Diseño y diagramación

Claudia Milena Vargas López

Intermedio Editores Ltda.

Av Jiménez # 6A-29, piso sexto

www.circulodelectores.com.co

Bogotá, Colombia

Primera edición, febrero de 2013

Desarrollo ePub: Hipertexto

ISBN: 978-958-757-286-5

Para mis nietos Manuela, Susana, Pablo, Nicolás, Martín, Sofía, Verónica, Rodrigo y Alicia, cuyas vidas han enriquecido mi corazón.

Los casos, las anécdotas y los fragmentos de historias de vida presentados en este libro son todos reales, aunque los personajes y los lugares han sido alterados para respetar la privacidad de quienes los compartieron conmigo. A ellos, mi gratitud.

A lo largo del texto usaré la palabra niño para hacer referencia indistintamente a niñas y niños, sin que esto signifique ningún tipo de preferencia por uno u otro género.

Introducción

Quisiera compartir en algo mi pasión por el tema de la muerte, del morir, del sufrimiento, del duelo y los traumas. Desde que nací, mi mamá nos arrulló a mí y a mis ocho hermanos con la siguiente canción, cuyo origen desconozco, tal como yo lo he hecho invariablemente con mis hijos y mis nietos:

A Periquillo el Aguador muerto lo llevan en un cajón;
el cajón era de pino,
muerto lo llevan en un pepino;
el pepino estaba crudo,
muerto lo llevan en un embudo;
el embudo no tenía pico,
muerto lo llevan en un borrico;
el borrico tenía frío,
muerto lo llevan en un navío;
y el navío se desfondó.
Adiós, Periquillo el Aguador.

Se mantuvo por años la creencia de que los niños eran intocados por la muerte porque eran preconceptuales, porque no pensaban ni tenían herramientas para poder entenderla. Se creía entonces que los niños no hacían duelos. Con la disculpa de que eran muy pequeños para comprender, se les marginaba de los hechos, se les daban respuestas breves, torpes e inexactas a sus preguntas, y sus necesidades eran desatendidas.

Hoy, afortunadamente, todo ello ha sido revaluado. Un niño no tiene que estar en capacidad de comprender los dilemas filosóficos que la muerte plantea para sentir temor y dolor ante la separación, el abandono y la ausencia.

Como la muerte hoy día se ha alejado y desritualizado, la mayoría de los niños no tienen una experiencia directa ni un contacto real con la muerte hasta la adultez.
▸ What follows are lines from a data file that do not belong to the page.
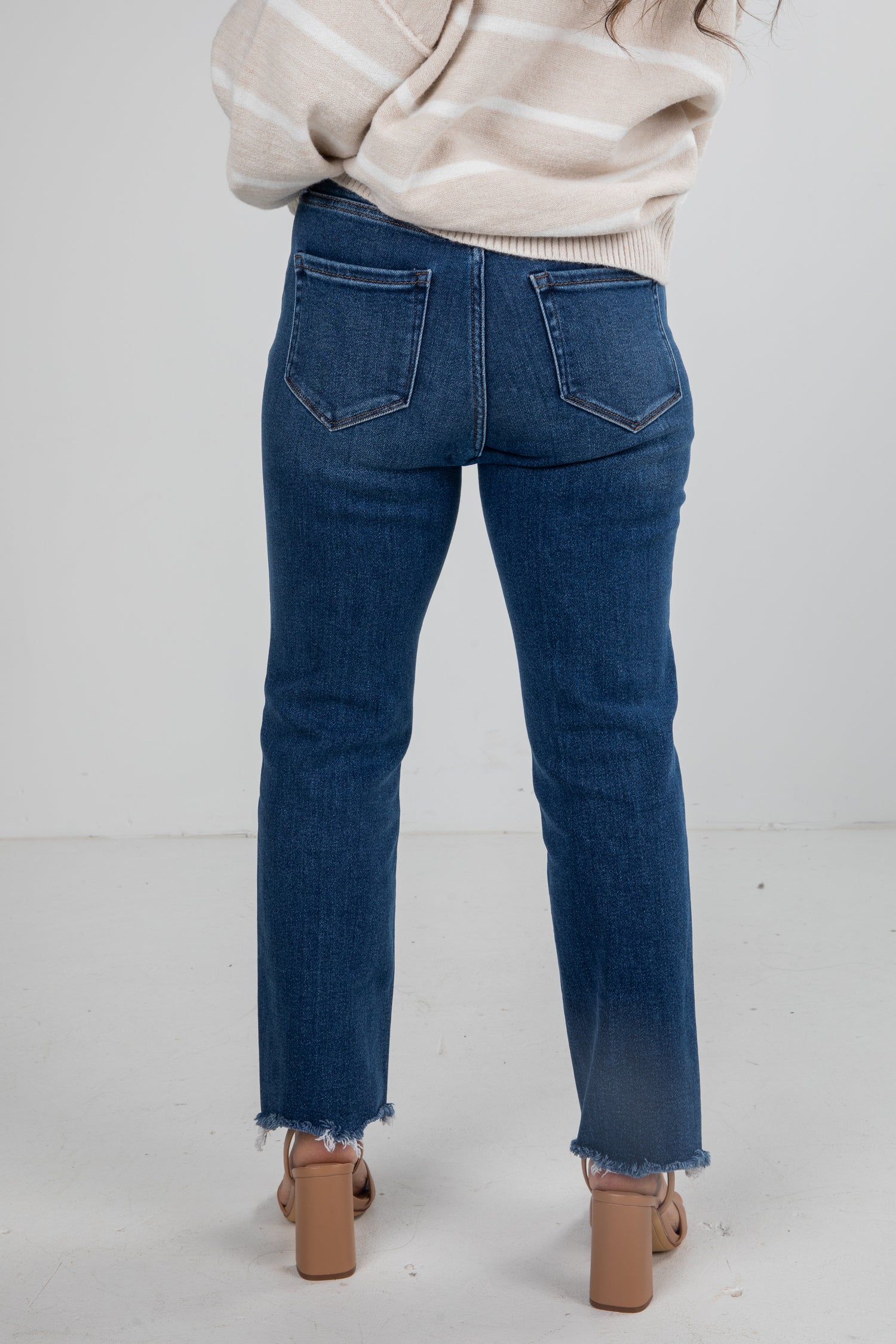 Person wearing blue jeans and a beige sweater on a white background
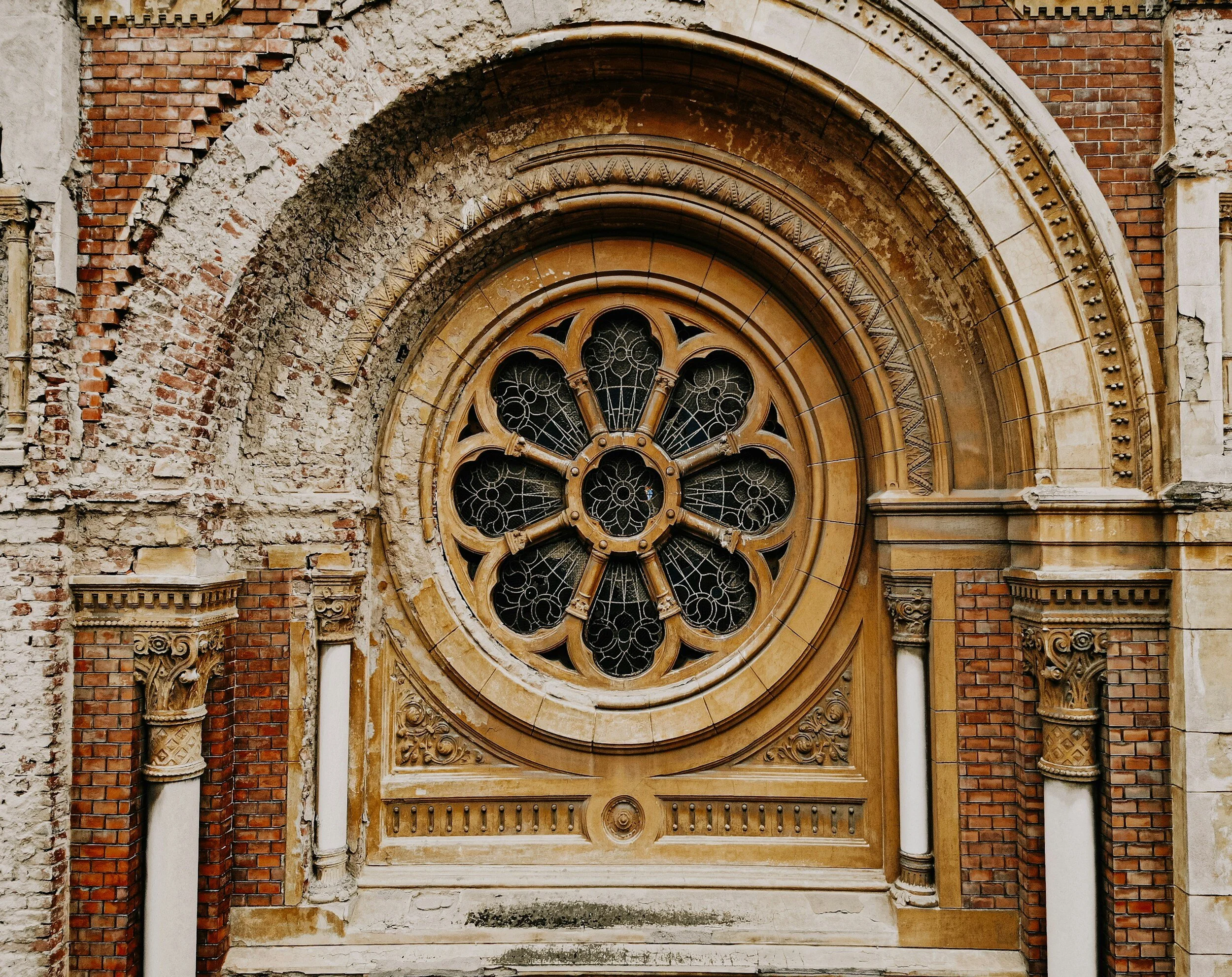 Close-up of a historic building's arched stone and brick facade with a large circular stained glass window surrounded by ornate architectural details.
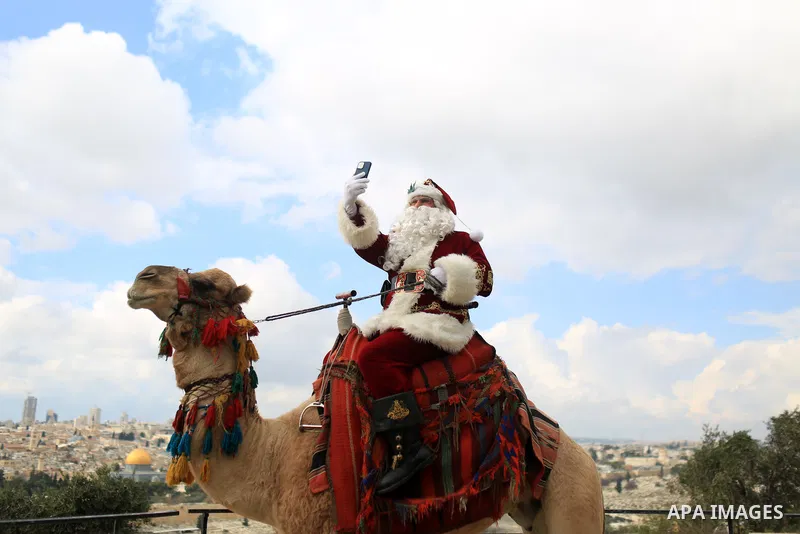 Palestinian Issa Kassissieh, dressed as Santa Claus, poses for a picture as he rides a camel at the Mount of Olives in Jerusalem, a few weeks before the upcoming holiday of Christmas on December 6, 2022. In Jerusalem's O...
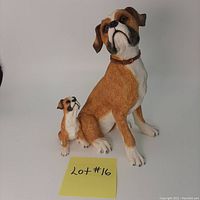 Front view of the Boxer adult dog and puppy resin figurine showing detailed hand painting and coloring.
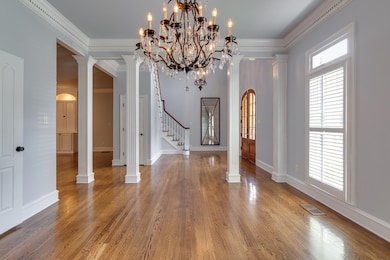 Unfurnished dining area featuring stairs, wood finished floors, ornamental molding, and ornate columns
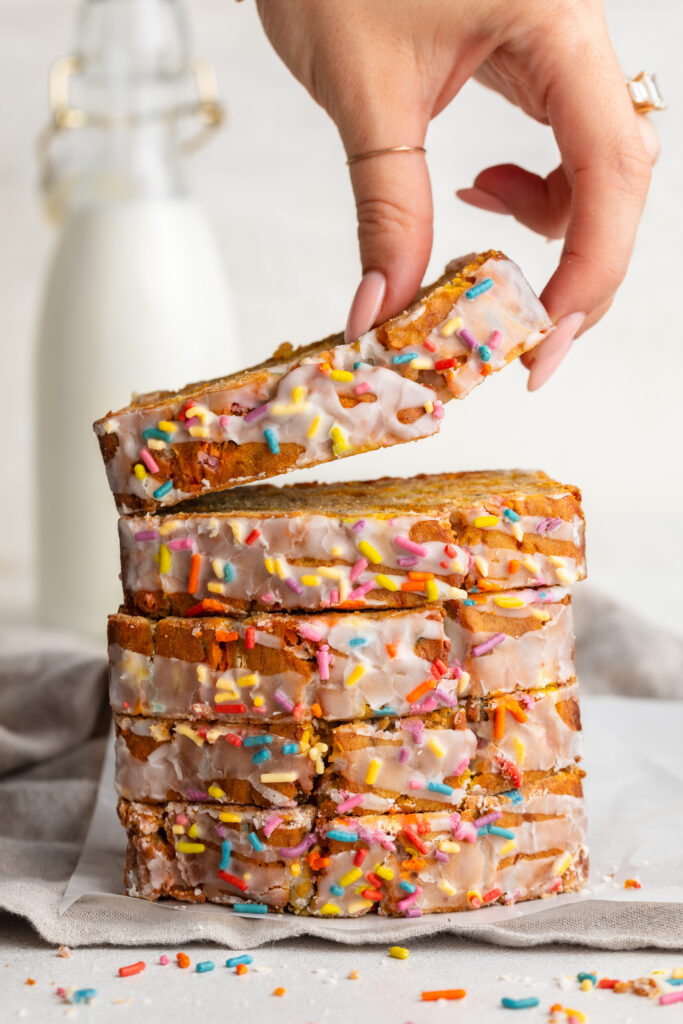 5 ingredient gluten-free birthday cake banana bread slices stacked on top of each other.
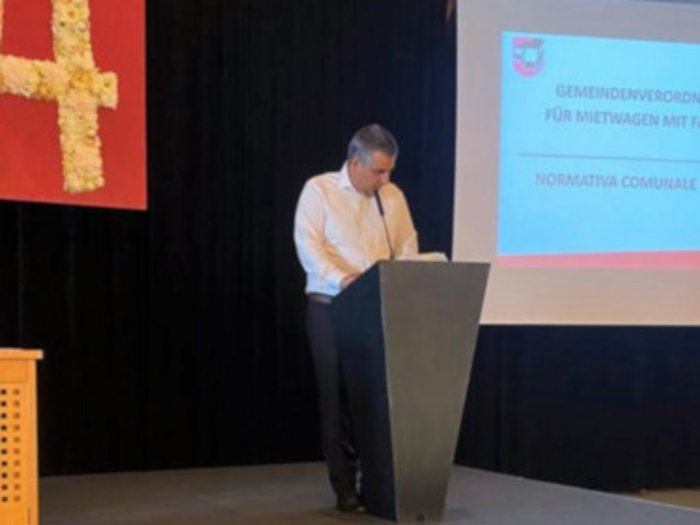 E-Mobilität: lvh-Mietwagenunternehmer schauen in die Zukunft Mann hält Vortrag auf Bühne neben Präsentationsfolie mit kommunaler Verordnung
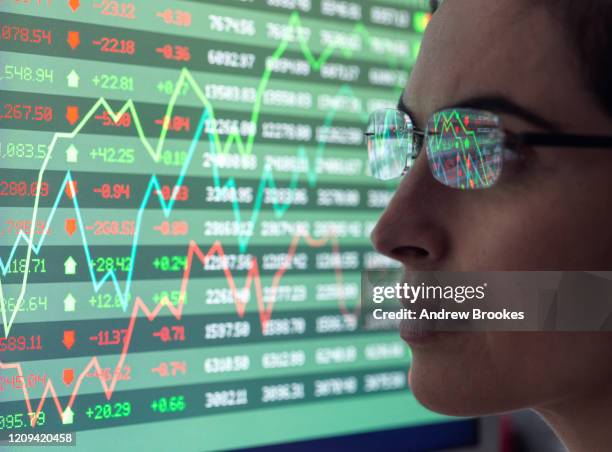 female analyst viewing financial market data on a screen. - capitalismo foto e immagini stock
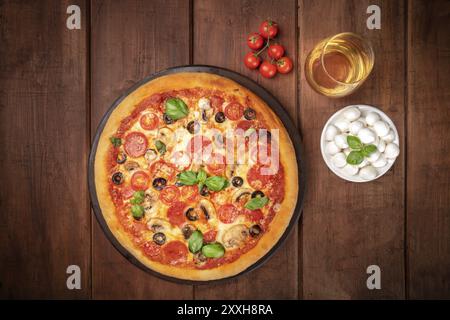 Pepperoni Pizza mit Wein, Tomaten, Mozzarella und Basilikum, geschossen von oben auf einem dunklen Hintergrund im Landhausstil mit einem Platz für Text Stockfoto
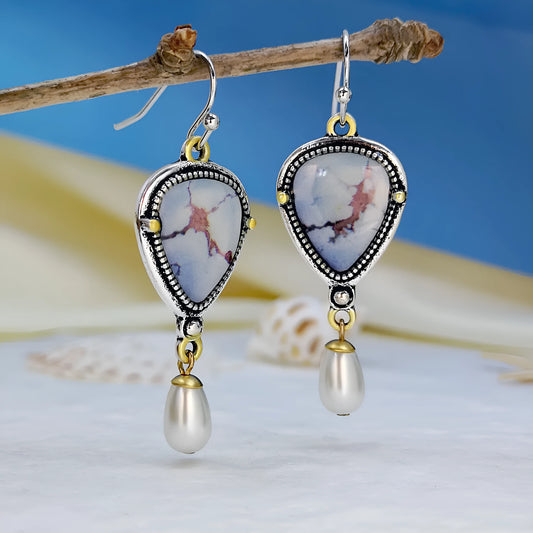Retro blue geometric drop earrings with synthetic opal and pearl detail on a metal base.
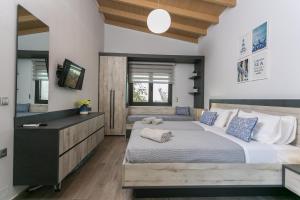 a bedroom with a large bed and a mirror at Villa Stavelia in Gouves +22 photos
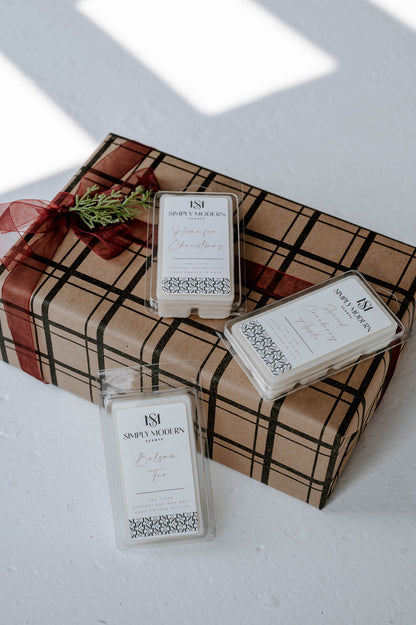 Three Simply Modern Scents holiday wax melts arranged on a plaid wrapped gift with cedar and burgundy ribbon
Esa afirmación rige para muchos lugares del mundo; pero, en países como Colombia, que han vivido una guerra cruenta y violenta por años, muchos de nuestros niños han crecido inmersos en una sobredosis de muertes que han penetrado sus vidas y sus ambientes familiares, a través de los medios de comunicación o, en casos peores, en su realidad inmediata. ¿Cómo evolucionará su vivencia de la muerte con el transcurso de los años? ¿Cómo y cuánto se alterarán para ellos el sentido y el disfrute de la vida? Aún no lo sabemos.

Este libro es un manual sencillo, concreto y claro, dirigido a los adultos cercanos a un niño que tristemente viva en carne propia el dolor de la muerte. Con un libro como este se pretende evitar el daño, no el dolor. Por ello, enfatiza en la importancia de comprender el duelo de un niño y apoyarlo y ayudarlo de manera empática en su recorrido para prevenir sufrimientos innecesarios y ulteriores problemas en su desarrollo emocional.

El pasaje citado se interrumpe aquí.